Ему вдруг захотелось пить. Он пошарил в карманах – выгреб горсть мелочи и пересчитал ее, стоя возле буфета. Набралось как раз на одну большую кружку пива. «Живем», – обрадовался Интеллигент. И уверенно работая локтями, протискался к прилавку. И вскоре уже наслаждался – отдувался и жмурился, и слизывал с губ пивную янтарную пену.
Слева от Игоря, тесня его, помещалось двое мужчин. Один – сухопарый, с кавказскими, влажными, навыкате, глазами– что-то хрустко жевал. Другой – краснорожий, грузный, поросший курчавым рыжим волосом – курил, цедя сквозь усы синеватый дымок. Оба были заметно пьяны. Рыжеволосый – упившись и разгорячась – скинул плащ, и перебросил его через плечо.
Он стоял вполоборота к Интеллигенту. И обшарив мясистую его фигуру наметанным глазом, Игорь сразу же заметил бумажник, упрятанный в задний карман брюк.
На воровском жаргоне бумажник называется «поросенком». Есть у него и другие названия, но это – самое меткое. Дело в том, что бумажники в России вырабатываются, преимушественно, из свиной кожи… Ну и кроме того, немалую роль играет их внешний облик; они нередко бывают по-поросячьи увесисты и пухлы. И столь же колоритны! Глядя на толстяка – на задний оттопыренный карман его брюк – Игорь видел выглядывающий оттуда краешек бумажника; лоснящийся, острый, коричневатый, он напоминал поросячье ухо. И это ухо приманивало, дразнило…
Пьяные разговаривали. Как это часто случается, они говорили преувеличенно громко, в повышенном тоне. Игорь отчетливо слышал каждое их слово. Речь шла о буфетчице – разбитной, круглощекой, с мелкими кудряшками на лбу и обильной, тяжелой колышащейся грудью.
– Выпуклая бабенка.
– Н-да, товарец – ничего не скажешь!
– Все без подделки… На чистом сливочном масле…
– Интересно, сколько она за ночь берет?
– Почему именно – берет? Не опошляй идею. Может, она так – из любви к искусству, а?
– Что ж, бывает, конечно. Только – вряд ли…
– А ты спроси!
– Да надо бы. Неудобно только – народу полно.
– Ну, так подождем! Нам же ведь не к спеху. Поезд завтра идет, – эта ночь все равно наша.
– Стало быть, еще – по одной?
– Конечно.
– А чем переложим? Пивком?
– Милое дело.
Рыжебородый осклабился удовлетворенно и махнул рукой, подзывая буфетчицу. Он навалился на стойку. Зад его выпятился, округлился. Момент был самый подходящий!
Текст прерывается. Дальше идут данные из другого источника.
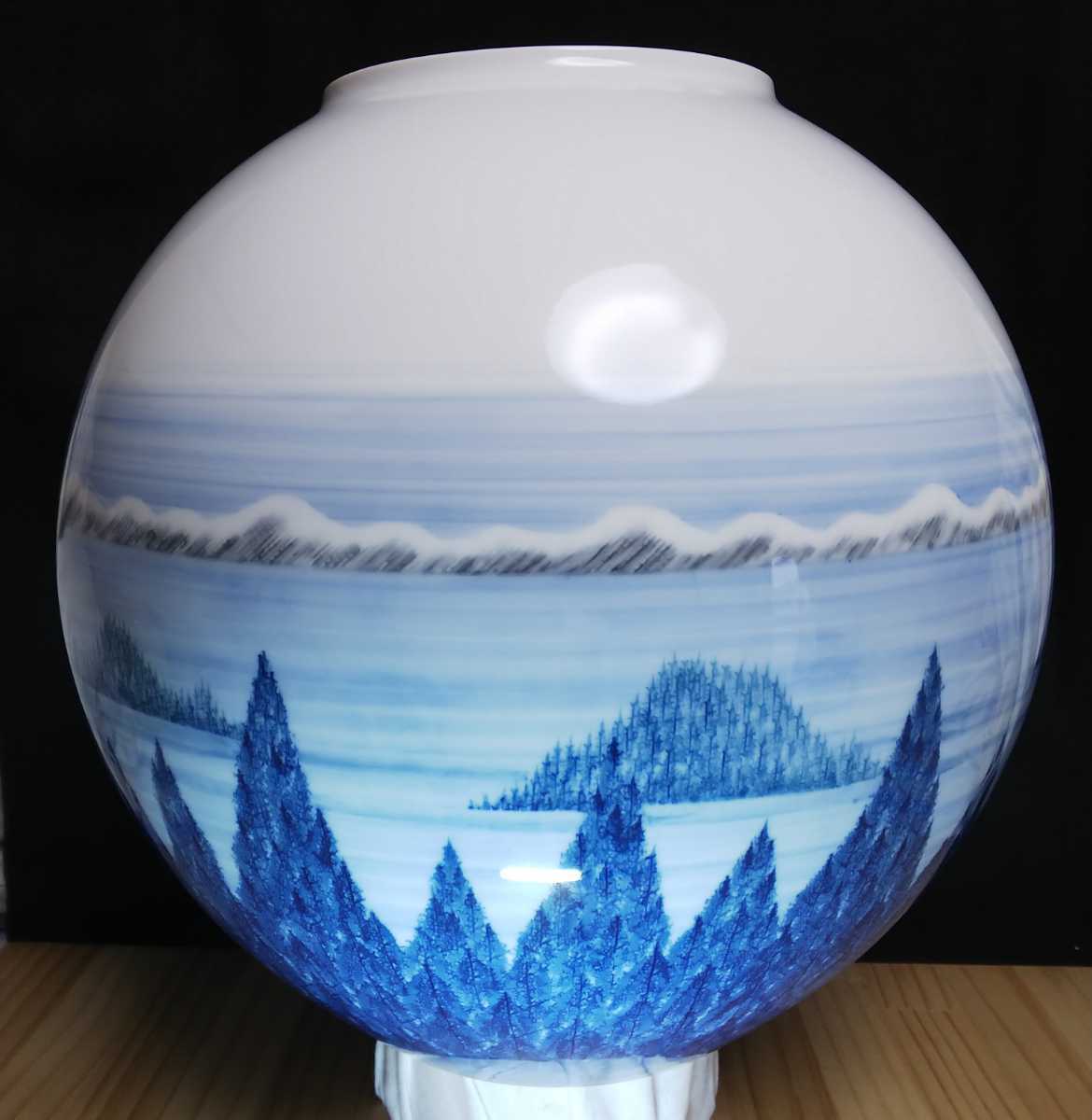 藤井朱明 飾り壺 花器 日展人気作家 花瓶 人間国宝 壺 朝日雪景色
Игорь отставил кружку… И внезапно – с яростью – хлестнул ладонью по оттопыренному, наглому этому заду.
– Эй, – грозно спросил, поворачиваясь к нему толстяк, – ты чего?
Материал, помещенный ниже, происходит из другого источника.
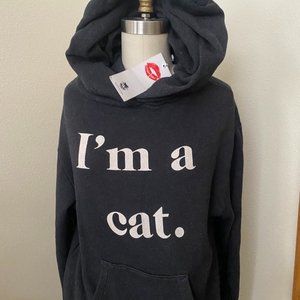 Cat-eared hoodie black sweatshirt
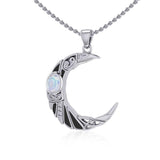 The Celtic Moon Raven Silver Pendant with Gemstone TPD5262 - Jewelry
– Ничего, – сказал Игорь вздрагивающим голосом.
– Нет, ты чего толкаешься?
– Ты сам толкаешься…
– Это я-то?
– Да вот ты-то!
Какое-то мгновение они смотрели в глаза друг другу. Смотрели пристально. Игорь стоял, выпрямившись, весь подобравшись. Он улыбался – нагло и холодно – и лицо у него было нехорошее; что-то в нем угадывалось особенное, такое, что не предвещало добра… И рыжебородый уловил это, учуял. И сразу завял и съежился, отводя взгляд. И пробормотал примирительно:
– Ну, если я…
– Ладно, – махнул рукой Игорь. – Хватит об этом. Не отвлекайся – пей!
Жаркий душащий гнев оставил его, схлынул. Вспышка была мгновенной и безотчетной, и теперь, когда она прошла, Игорь испытывал усталость, смущение, и досаду. Досаду на себя, на судьбу свою – на проклятую свою судьбу – и на всю эту жизнь!…
И забыв о недопитой кружке, он направился в зал ожидания. Ему немоглось; хотелось усесться, уединиться где-нибудь, расслабиться и побыть, хоть недолго, в покое…
Покоя однако не было и здесь.
Зал ожидания был переполнен пассажирами, причем большую часть их составляла молодежь. Густая, горластая толпа эта производила впечатление странное и диковатое. Ребята и девушки мало чем отличались друг от друга; все они были одинаково длинноволосы, растрепаны, обряжены в спортивные куртки и ватники, кеды и сапоги, а некоторые – завернуты в одеяла и какие-то пестрые, цветные лохмотья.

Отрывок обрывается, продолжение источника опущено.